Mr. Otway, a voice on the outdoor scene for more than three decades, said he can remember when the fish and wildlife branch had 600 people on staff.

"That was in 1976 - today there are 208."

Fishing and hunting, Mr. Otway said, generates $285-million annually for the provincial and federal governments - but the amount put back into fish and wildlife programs is only about $16-million, even though revenues from fishing and hunting are supposed to be dedicated to management of those resources.

"We asked for the audit because we want to know what the hell is going on," Mr. Otway said.

What is going on appears to be a systematic, widespread erosion of environmental monitoring by the provincial government.

In a letter earlier this year to Environment Minister Barry Penner, Andy Ackerman, president of Myriad Consulting Inc., in Fort Saint John, detailed "the gradual reduction in both size and capacity" of environmental staff in his region.

Mr. Ackerman, who worked for the province for 30 years before retiring in 2007 as regional manager of environmental stewardship, said staffing in the Peace River district has been reduced to "barely minimal levels" even though resource activity is booming.

"The staffing levels have always been meagre up here," said Mr. Ackerman in an interview. "But when I heard they had stopped replacing staff [who quit, retired or got laid off]I thought 'oh my lord, what's going on?'"

Mr. Ackerman did not get a reply to his letter.

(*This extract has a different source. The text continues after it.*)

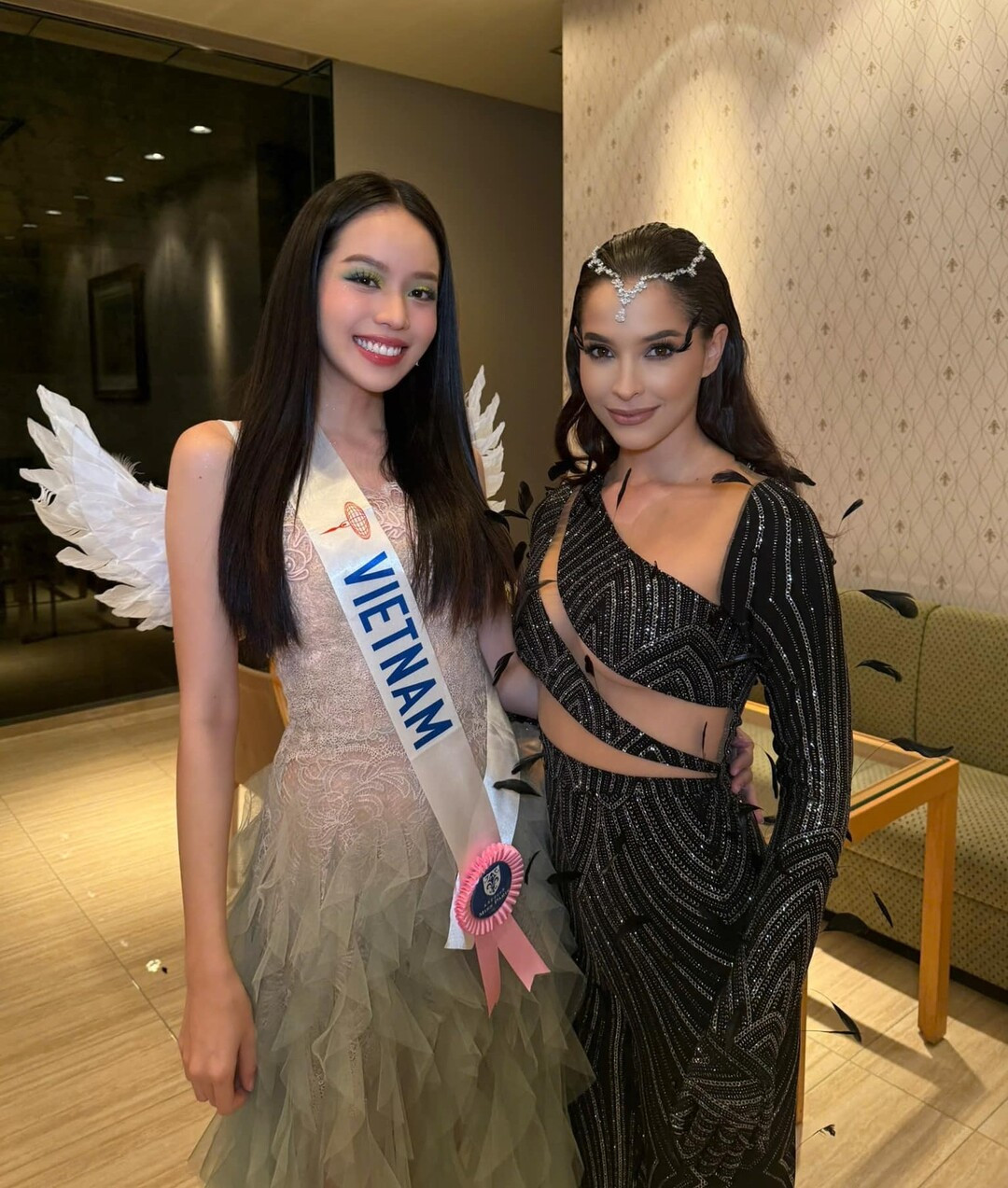 Hoa hậu Thanh Thủy mang khung cửi dệt lụa nặng 5kg diễn Miss International 2024-6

Dennis Lloyd, a retired government research ecologist in Kamloops, said the Ministry of Forests has also been losing front-line staff.

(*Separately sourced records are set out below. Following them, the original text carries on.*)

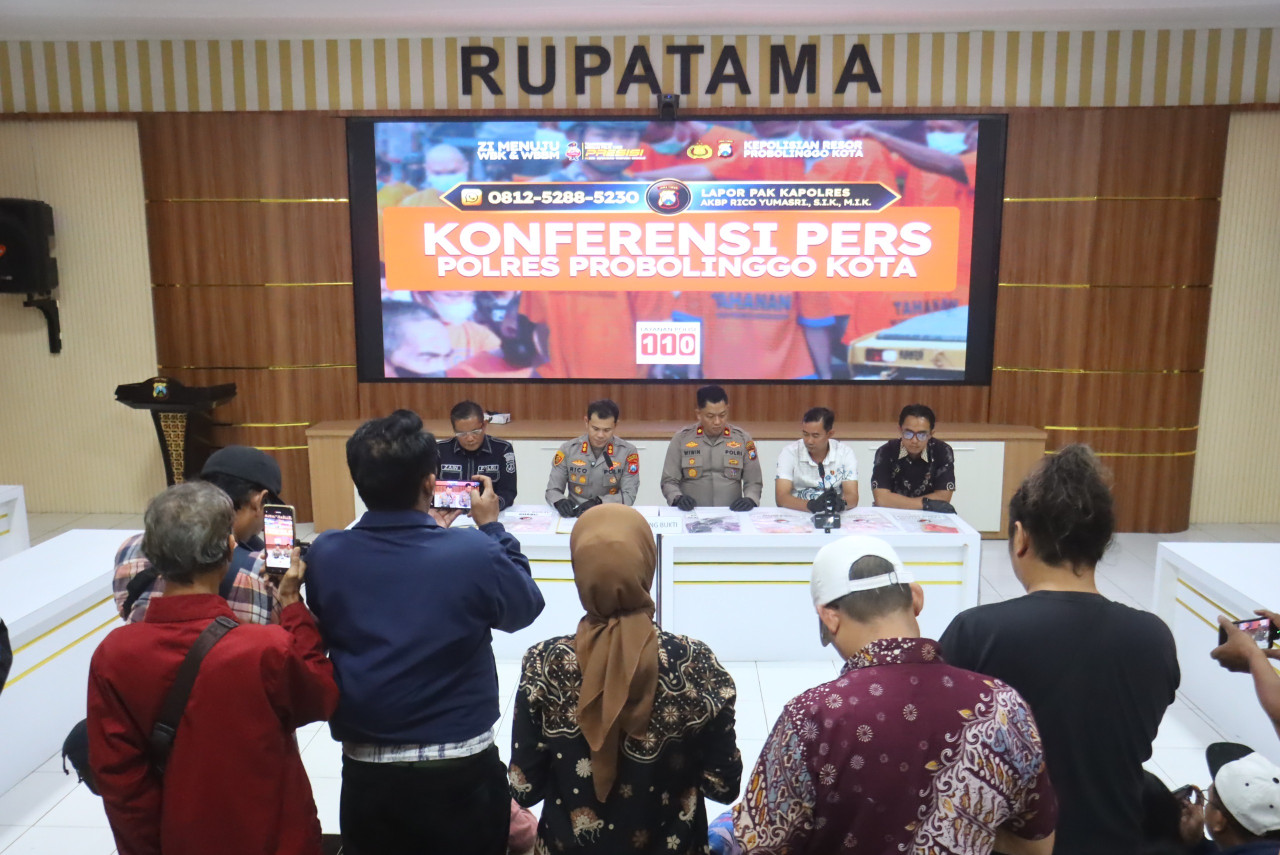 Polres Probolinggo Kota merilis hasil ungkap kasus narkoba. (Foto: Ide Farid/jatimnow.com)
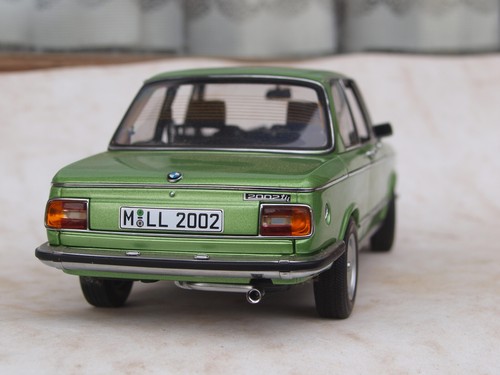 AutoArt BMW 2002 tii hellgrün, 1:18 - Bild 10 von 10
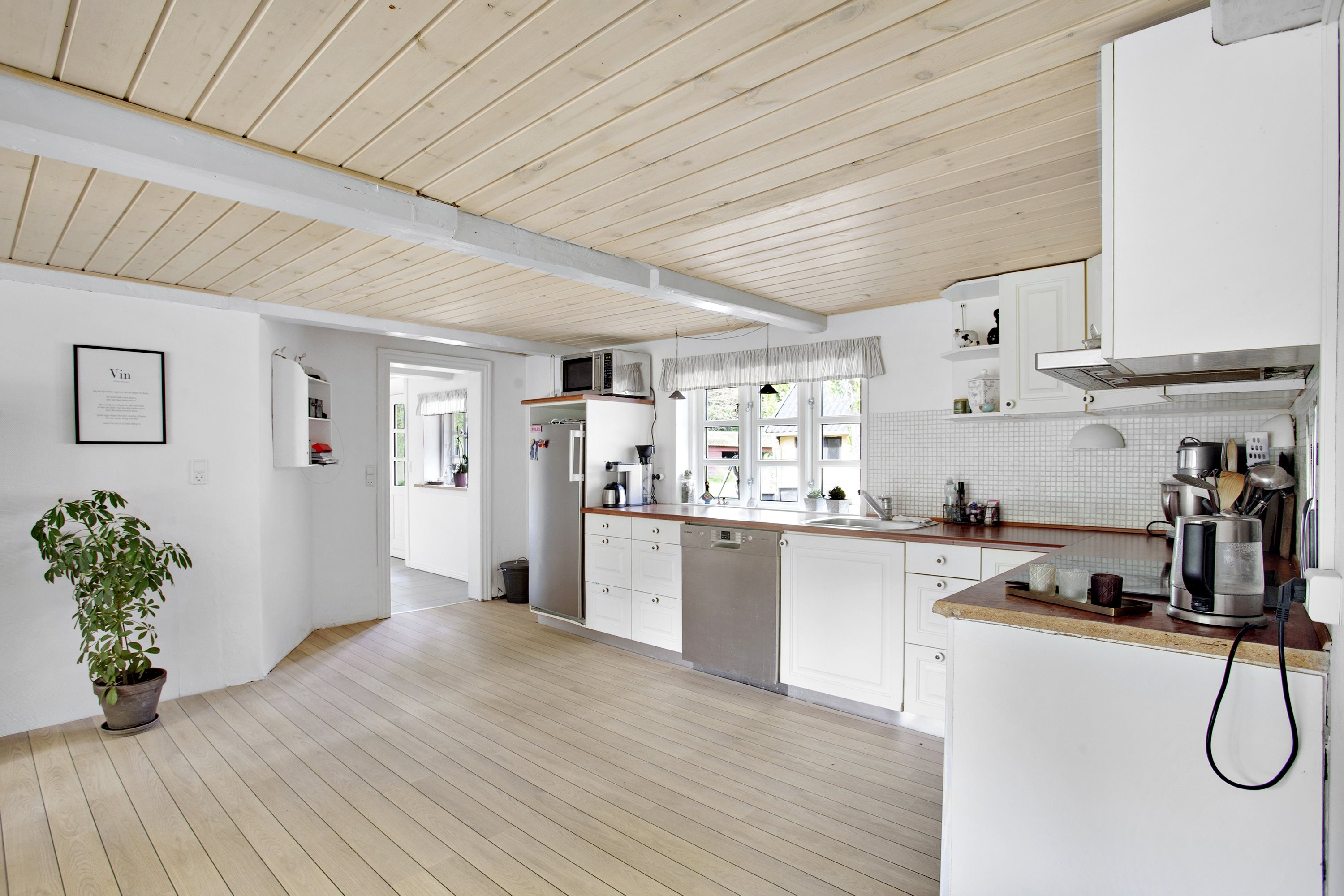 Fremhævet køkken billede i fuldskærmstilstand. Billede af Lille Skovvej 9, Byrum, 9940 Læsø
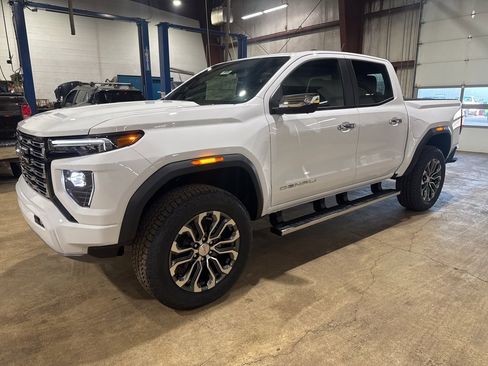 New 2026 GMC Canyon Denali image 1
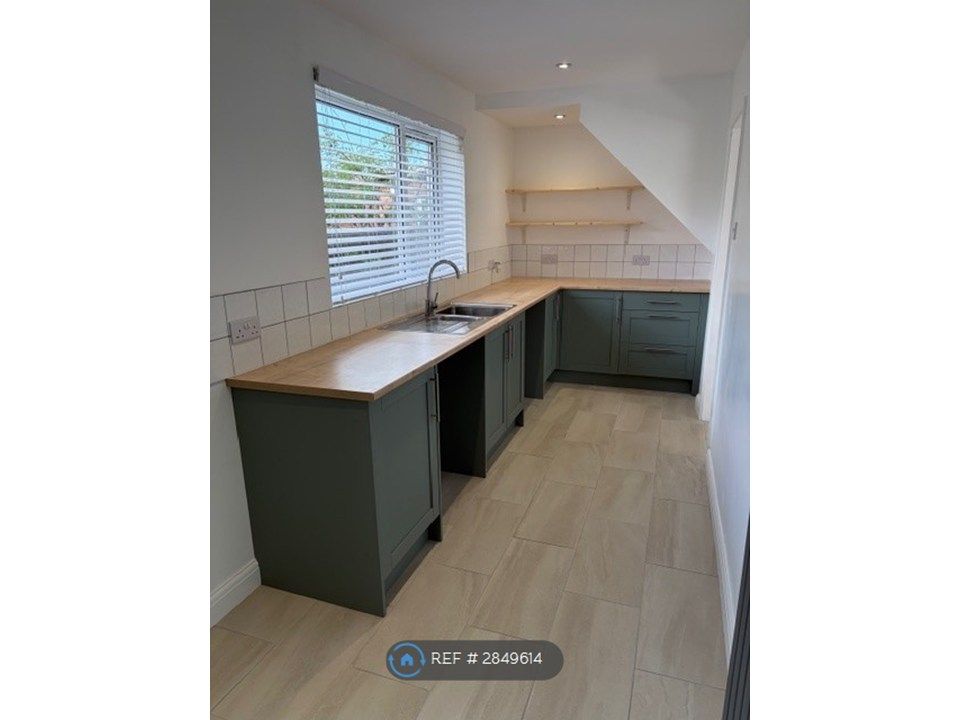 Property photo 2 of 16 Kitchen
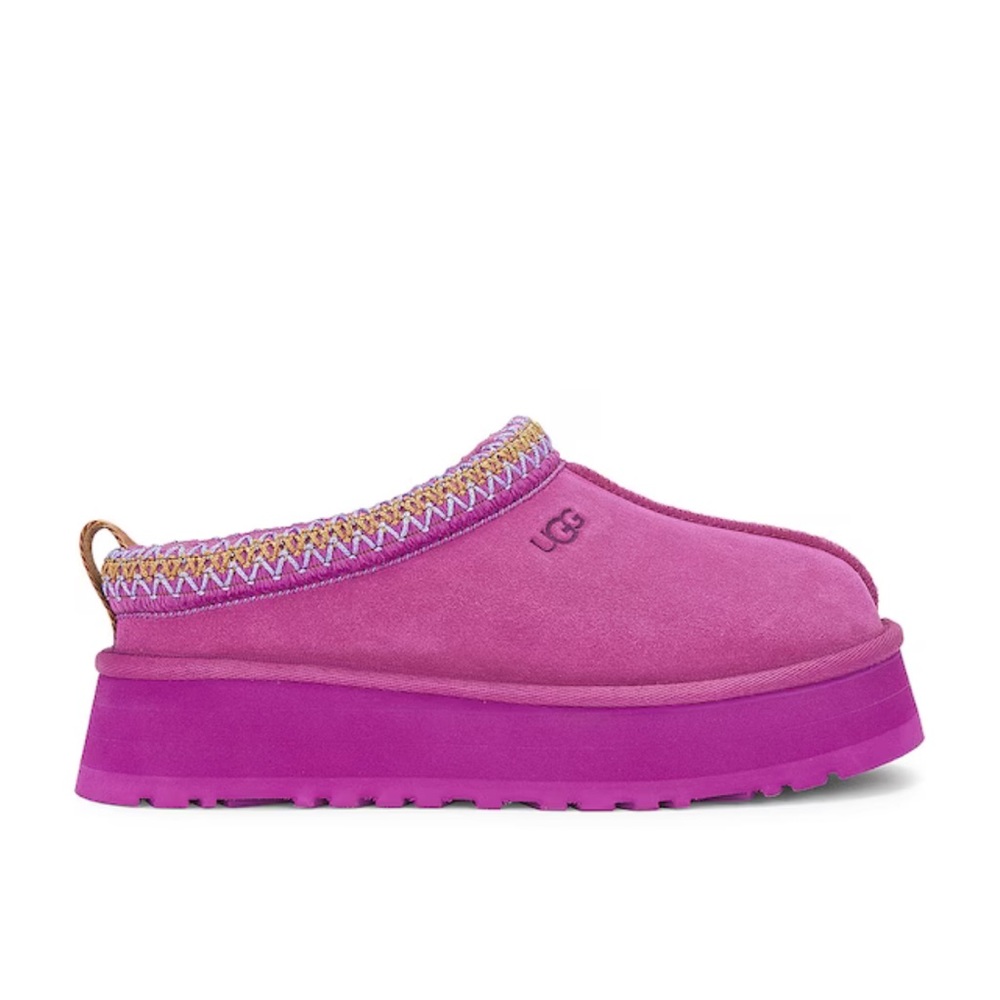 Ugh tazz boot platform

In 2003, the ministry had 16 people working on its ecology research program, but by next year the staffing level will have fallen to just seven.

"How can the government be managing anything in a sustainable manner any more?" Mr. Lloyd asks.

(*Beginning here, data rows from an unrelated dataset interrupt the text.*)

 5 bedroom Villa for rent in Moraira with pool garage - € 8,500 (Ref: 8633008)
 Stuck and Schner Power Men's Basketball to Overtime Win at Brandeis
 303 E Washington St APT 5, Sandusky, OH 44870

He said there aren't enough people left to maintain an ecosystem classification program that's been the cornerstone of forest management in British Columbia for more than 30 years. A new forest ecology lab in Kamloops is sitting empty and a herbarium, a living library of plants with 6,000 specimens in it, is facing closing because there's no one to care for it.

But what bothers him most is also what's got the B.C. Wildlife Federation worried and that concerns Mr. Ackerman up in Fort Saint John.

"The fact that there's nobody out there in the field watching over industry is pretty scary," he said. "There's … no one out there telling society that things aren't being done correctly. … As I see it, the clock has been turned back 30, 40 years in terms of environmental care to the landscape and how it's managed. It's pretty tragic."